Jen Meinhardt, Staff Writer
“The Grinch” was released this November nationwide as the third movie remake of the timeless Christmas classic “The Grinch Who Stole Christmas.” Illumination Entertainment’s delightful reimaging of the Grinch (voiced by Benedict Cumberbatch) brings the classic tale into a more relatable perspective for the modern viewer.

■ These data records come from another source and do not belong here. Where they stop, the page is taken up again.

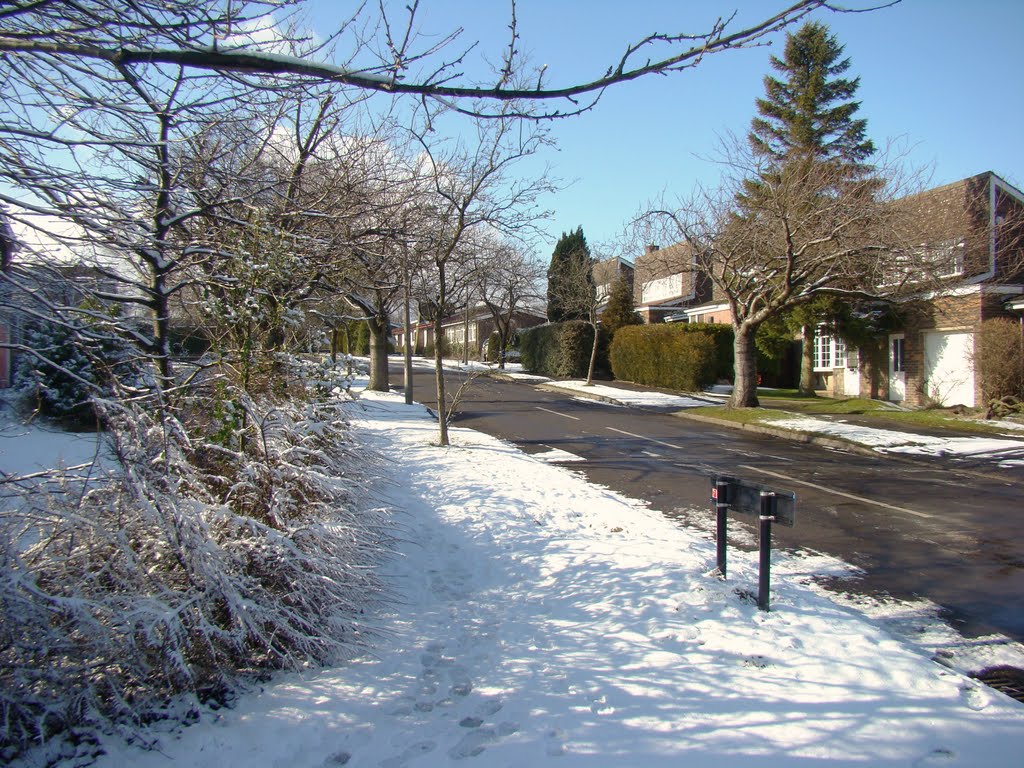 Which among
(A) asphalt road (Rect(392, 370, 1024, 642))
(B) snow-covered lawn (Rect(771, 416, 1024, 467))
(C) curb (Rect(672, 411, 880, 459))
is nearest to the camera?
(A) asphalt road (Rect(392, 370, 1024, 642))

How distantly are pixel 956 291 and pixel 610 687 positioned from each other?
805 inches

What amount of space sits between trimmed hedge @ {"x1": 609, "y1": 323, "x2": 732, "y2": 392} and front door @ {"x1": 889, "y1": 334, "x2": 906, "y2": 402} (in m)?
6.37

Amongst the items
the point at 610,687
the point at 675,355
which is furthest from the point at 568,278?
the point at 610,687

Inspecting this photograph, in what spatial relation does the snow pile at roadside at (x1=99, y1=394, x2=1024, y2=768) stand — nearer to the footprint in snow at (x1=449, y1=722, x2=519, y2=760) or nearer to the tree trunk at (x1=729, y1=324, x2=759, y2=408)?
the footprint in snow at (x1=449, y1=722, x2=519, y2=760)

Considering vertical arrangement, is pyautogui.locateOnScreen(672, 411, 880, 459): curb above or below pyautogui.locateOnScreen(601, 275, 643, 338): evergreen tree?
below

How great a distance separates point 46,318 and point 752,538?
262 inches

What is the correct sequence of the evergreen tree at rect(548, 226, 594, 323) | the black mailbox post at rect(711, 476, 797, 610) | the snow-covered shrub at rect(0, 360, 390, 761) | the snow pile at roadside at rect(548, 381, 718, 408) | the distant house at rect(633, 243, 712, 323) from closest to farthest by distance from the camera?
the snow-covered shrub at rect(0, 360, 390, 761)
the black mailbox post at rect(711, 476, 797, 610)
the snow pile at roadside at rect(548, 381, 718, 408)
the evergreen tree at rect(548, 226, 594, 323)
the distant house at rect(633, 243, 712, 323)

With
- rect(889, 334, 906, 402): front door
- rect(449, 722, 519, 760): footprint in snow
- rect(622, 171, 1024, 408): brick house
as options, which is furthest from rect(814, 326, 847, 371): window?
rect(449, 722, 519, 760): footprint in snow

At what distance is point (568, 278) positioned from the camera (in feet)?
127

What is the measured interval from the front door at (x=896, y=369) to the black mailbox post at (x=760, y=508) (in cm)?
2035

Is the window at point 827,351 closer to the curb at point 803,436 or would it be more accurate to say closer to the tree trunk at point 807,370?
the tree trunk at point 807,370

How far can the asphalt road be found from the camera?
5871mm

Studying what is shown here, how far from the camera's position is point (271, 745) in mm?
3266

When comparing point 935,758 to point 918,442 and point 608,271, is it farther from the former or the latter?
point 608,271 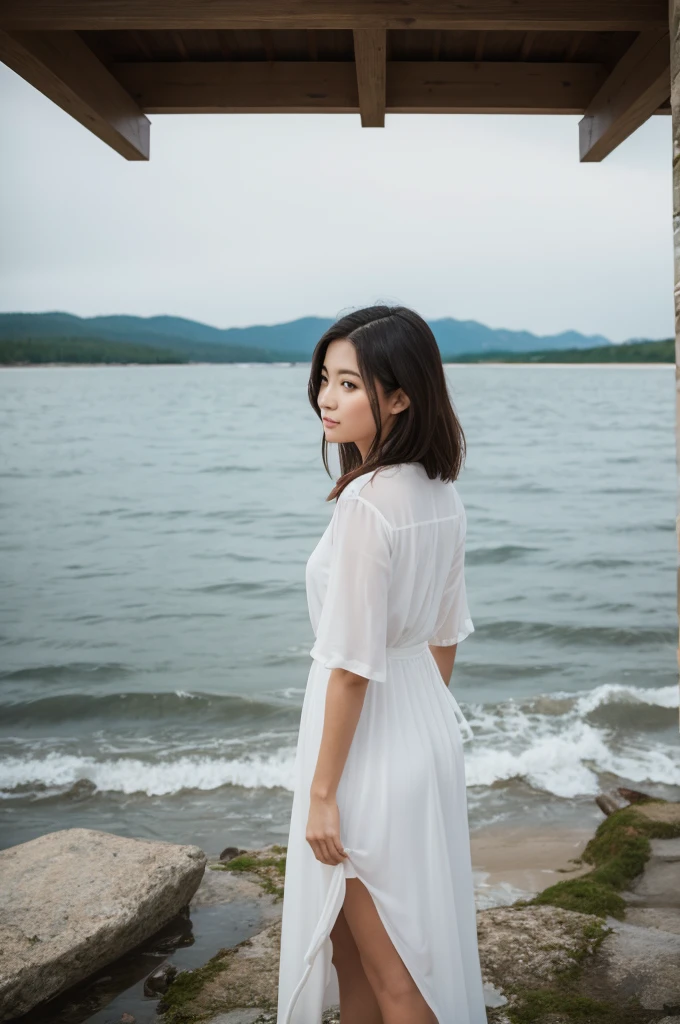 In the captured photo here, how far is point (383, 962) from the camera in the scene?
5.63 ft

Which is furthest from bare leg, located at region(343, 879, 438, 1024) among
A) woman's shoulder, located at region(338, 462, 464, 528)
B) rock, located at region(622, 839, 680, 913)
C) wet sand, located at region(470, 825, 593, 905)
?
wet sand, located at region(470, 825, 593, 905)

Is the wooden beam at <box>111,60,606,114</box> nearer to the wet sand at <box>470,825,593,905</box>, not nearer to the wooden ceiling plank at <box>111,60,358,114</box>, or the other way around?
the wooden ceiling plank at <box>111,60,358,114</box>

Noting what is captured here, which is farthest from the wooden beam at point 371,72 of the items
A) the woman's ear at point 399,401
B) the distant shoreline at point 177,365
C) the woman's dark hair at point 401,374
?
the distant shoreline at point 177,365

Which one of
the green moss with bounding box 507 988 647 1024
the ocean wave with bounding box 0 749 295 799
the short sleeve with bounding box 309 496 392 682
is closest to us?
the short sleeve with bounding box 309 496 392 682

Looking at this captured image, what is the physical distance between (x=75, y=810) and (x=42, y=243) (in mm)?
34529

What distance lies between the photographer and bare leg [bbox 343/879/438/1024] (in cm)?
171

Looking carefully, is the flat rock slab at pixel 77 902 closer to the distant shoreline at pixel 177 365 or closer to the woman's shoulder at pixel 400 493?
the woman's shoulder at pixel 400 493

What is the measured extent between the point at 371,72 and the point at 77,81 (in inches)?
37.2

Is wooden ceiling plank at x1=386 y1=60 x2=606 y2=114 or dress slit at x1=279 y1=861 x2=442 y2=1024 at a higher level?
wooden ceiling plank at x1=386 y1=60 x2=606 y2=114

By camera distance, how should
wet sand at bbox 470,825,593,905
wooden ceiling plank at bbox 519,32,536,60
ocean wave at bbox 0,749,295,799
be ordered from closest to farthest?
wooden ceiling plank at bbox 519,32,536,60 → wet sand at bbox 470,825,593,905 → ocean wave at bbox 0,749,295,799

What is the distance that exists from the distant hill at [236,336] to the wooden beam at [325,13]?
31.9 meters

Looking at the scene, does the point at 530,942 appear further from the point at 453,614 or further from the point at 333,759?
the point at 333,759

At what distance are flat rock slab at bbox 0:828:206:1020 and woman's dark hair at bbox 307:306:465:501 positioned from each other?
194cm

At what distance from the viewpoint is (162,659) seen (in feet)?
30.2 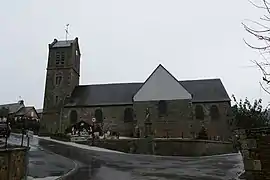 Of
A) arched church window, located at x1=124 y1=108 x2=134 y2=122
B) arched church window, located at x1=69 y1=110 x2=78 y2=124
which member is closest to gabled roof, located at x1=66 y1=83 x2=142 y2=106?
arched church window, located at x1=124 y1=108 x2=134 y2=122

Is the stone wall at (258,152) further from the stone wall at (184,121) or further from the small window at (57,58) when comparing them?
the small window at (57,58)

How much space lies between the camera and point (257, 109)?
695 inches

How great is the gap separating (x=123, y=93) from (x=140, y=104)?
4971mm

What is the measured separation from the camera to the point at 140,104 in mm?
39250

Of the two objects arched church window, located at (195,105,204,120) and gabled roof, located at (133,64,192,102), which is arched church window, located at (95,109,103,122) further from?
arched church window, located at (195,105,204,120)

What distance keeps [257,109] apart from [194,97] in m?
22.2

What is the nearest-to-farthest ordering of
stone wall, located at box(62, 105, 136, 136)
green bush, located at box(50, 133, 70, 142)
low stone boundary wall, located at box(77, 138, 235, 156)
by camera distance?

The Grinch, disgusted by his neighbors in Whoville’s show of consumerism and greed throughout the Christmas season, decides that it’s high time to show them a lesson about their capitalistic leanings. The plot is a familiar formula to those acquainted with the tale, and Illumination (creators of other animated children’s movies such as “Sing,” “Despicable Me,” “Minions” and “The Lorax”) manages to stick to the story without much of their usual departure into minor singing side characters in an attempt to keep the viewer’s entertained. The film does have humorous side quests and physical gags which are used mostly to lengthen the overall run time.
Despite this, the grumpy antics of the Grinch and his wholehearted hatred of the Whos still manages to entertain both young and old alike as an asshole that genuinely loves his dog and has a penchant for the dramatics. His motivation stems from a more believable resentment then the year-2000 version. This Grinch really just wants to be left alone by Whoville. Cumberbatch’s foray into voice acting is successful throughout, and his almost deadpan sarcasm and witticisms bring the Grinch into a scathing relatability that will remind the older viewer of every bad day they’ve ever had.
The sequence involving the sacking of Whoville is the most delightful series of thefts in children’s entertainment anywhere. The animation is bright and cheerful, and though the story delivers a bland, Hallmark-like, feel-good message about selflessness during the Christmas season, “The Grinch” is a fun watch throughout and deserves a solid 3.5 Christmas tree rating.